Bu sabah 07.00'de kalkarak benim hayat ve oyun alanım Özgürlük Parkına gittim. Parkta her taraf açan laleler, erguvanlar ve zambaklarla bahar kokuyordu.

Jeolog arkadaşım Ruşen Ersoy’la cennet parkımızda bahar sarhoşluğuyla yürürken, sözleri Erzurumlu Emrah’a, bestesi Sadettin Kaynak’a ait çok sevdiğim şu güzel Muhayyer Kürdi şarkısını söyledim.

Yine bahar oldu coştu yüreğim, / Akar boz bulanık selli dereler,

Sıla derdi, vatan derdi yar derdi, / İflah etmez bu dert beni yareler,

Hayal oldu Aşık Emrah halleri, / Deyin yare gözlemesin yolları,

Herkesin sevdiği giyer alleri, / Koy benim sevdiğim giysin kareler…

Ardından sözleri Dr. Bekir Mutlu’ya, bestesi rahmetli mühendis hemşehrimiz İskilip’li Erdoğan Berker’a ait Nihavent şarkısını okudum.

Bir ilkbahar sabahı güneşle uyandın mı hiç ?,

Çılgın gibi koşarak kırlara uzandın mı hiç?
Bir his dolup içine uçuyorum sandın mı hiç?
Geçen günlere yazık yazık etmişsin gönül sen…
Öyle ise hiç sevmemiş, sevilmemişsin gönül sen…
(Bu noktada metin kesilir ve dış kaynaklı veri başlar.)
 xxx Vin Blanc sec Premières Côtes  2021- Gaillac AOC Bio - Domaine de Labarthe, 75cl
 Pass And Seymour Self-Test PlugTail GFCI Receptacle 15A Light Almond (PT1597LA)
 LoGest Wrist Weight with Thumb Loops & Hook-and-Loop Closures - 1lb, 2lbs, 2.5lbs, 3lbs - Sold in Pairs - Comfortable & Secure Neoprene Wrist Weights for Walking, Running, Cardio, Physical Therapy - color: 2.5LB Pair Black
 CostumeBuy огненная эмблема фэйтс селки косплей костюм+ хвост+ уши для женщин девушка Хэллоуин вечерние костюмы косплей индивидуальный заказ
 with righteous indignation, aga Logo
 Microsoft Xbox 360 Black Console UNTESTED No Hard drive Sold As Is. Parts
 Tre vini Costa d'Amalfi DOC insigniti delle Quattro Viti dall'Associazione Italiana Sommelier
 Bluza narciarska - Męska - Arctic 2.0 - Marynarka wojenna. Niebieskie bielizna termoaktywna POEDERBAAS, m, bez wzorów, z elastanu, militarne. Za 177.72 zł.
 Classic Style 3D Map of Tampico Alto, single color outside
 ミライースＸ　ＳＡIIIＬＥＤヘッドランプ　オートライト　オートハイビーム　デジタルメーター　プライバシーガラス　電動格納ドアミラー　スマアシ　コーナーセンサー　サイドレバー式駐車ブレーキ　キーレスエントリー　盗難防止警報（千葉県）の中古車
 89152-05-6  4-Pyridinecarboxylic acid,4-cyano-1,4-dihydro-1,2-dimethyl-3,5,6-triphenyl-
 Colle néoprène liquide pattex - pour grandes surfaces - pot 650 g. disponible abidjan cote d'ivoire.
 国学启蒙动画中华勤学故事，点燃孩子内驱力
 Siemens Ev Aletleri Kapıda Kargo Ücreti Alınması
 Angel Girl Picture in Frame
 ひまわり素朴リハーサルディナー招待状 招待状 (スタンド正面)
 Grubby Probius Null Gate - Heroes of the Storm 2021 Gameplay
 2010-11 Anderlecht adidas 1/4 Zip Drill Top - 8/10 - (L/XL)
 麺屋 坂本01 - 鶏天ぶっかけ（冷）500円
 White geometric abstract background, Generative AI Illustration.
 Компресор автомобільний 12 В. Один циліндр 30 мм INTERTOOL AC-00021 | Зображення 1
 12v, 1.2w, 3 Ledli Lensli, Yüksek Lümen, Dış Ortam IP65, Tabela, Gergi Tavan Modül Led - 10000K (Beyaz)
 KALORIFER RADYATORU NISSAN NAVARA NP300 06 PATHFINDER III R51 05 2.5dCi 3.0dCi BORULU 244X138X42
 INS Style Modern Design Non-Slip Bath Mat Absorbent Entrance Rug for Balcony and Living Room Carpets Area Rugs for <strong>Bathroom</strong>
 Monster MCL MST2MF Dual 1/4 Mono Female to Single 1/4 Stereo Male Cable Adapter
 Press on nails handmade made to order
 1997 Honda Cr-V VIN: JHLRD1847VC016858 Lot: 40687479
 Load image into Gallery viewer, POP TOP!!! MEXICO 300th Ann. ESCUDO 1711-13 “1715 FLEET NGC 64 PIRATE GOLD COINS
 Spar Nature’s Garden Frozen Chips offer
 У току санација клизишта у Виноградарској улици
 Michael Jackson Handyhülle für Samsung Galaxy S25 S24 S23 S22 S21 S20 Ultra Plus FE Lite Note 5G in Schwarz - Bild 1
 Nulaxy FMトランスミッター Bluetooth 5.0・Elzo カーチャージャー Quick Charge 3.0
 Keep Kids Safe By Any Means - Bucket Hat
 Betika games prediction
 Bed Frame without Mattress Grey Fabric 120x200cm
Bu güzel şarkılardan sonra meşhur şair ve ressam Bedri Rahmi Eyüpoğlu üstadın çok sevdiğim Bahar ve Biz adlı şiirini okudum.

BAHAR VE BİZ

Yılda bir kere çıldırır ağaçlar sevincinden, / Rabbim ne güzel çıldırır.
Yılda bir kere uzatır avuçlarını yaprak; / Sevincinden titreyerek…
Yılda bir kere kendini verir toprak,

Yılda bir kere yarılır bahçeler hazdan, / Rabbim ne güzel yarılır.
Biz de bir kere sevinebilseydik. / Çiçek açmış ağaçlar gibi çıldırasıya.
Kim bilir belki bir gün sulh olunca, / Biz de deliler gibi seviniriz,
Ağaçları ve baharı taklit ederiz, / Renkli bez parçalarıyla donatırız şehri
Renkli ampuller asarız pencerelerden,

Kim bilir belki bir gün sulh olunca

Biz de çatır çatır çatlarız bin bir yerimizden, / Ağaçlar gibi…

(Bedri Rahmi Eyüboğlu)

31 Mart Cumartesi günü İstanbul’da yaşayan 19 Osmancıklı hemşehrimizle Saray Muhallebicisinde buluştuk. Aradan geçen yaklaşık 35 gün dostlarımızı çok etkilemiş olsa gerek, saat 13,00’den saat 17.00’ye kadar doyumsuz bir Osmancık muhabbet yaptık.

Ankara’dan gelen Mustafa Eser toplantımızı çok beğendi.

Osmancık’tan Naim Çelebi’yi, Mustafa Boyvat’ı, Ankara’dan Süleyman Dibek’i ve Samsun’dan rahmetli Sarı Cemal’in oğlu Rıdvan Derindere’yi arayarak hal, hatır sorduk ve arkadaşlarımın sağlık ve mutluluk dileklerini ilettik.

Geçen hafta eniştemiz Haydar Derindere ve Hatice halamın büyük oğlu İhsan Derindere ağabeyimiz de Allah’a yürümüş.

Çok üzüldüm. İhsan ağabey çok sevdiğim munis ve güzel bir insandı.

Allah rahmet eylesin ve mekânı cennet olsun. Kardeşi halaoğlum öğretmen Osman Derindere’ye, çocukları Sabahat, Fuat, Nezihe, Naciye, Semiha ve Müjdat Derindere’ye, bütün dost, akraba ve sevenlerine başsağlığı dilerim.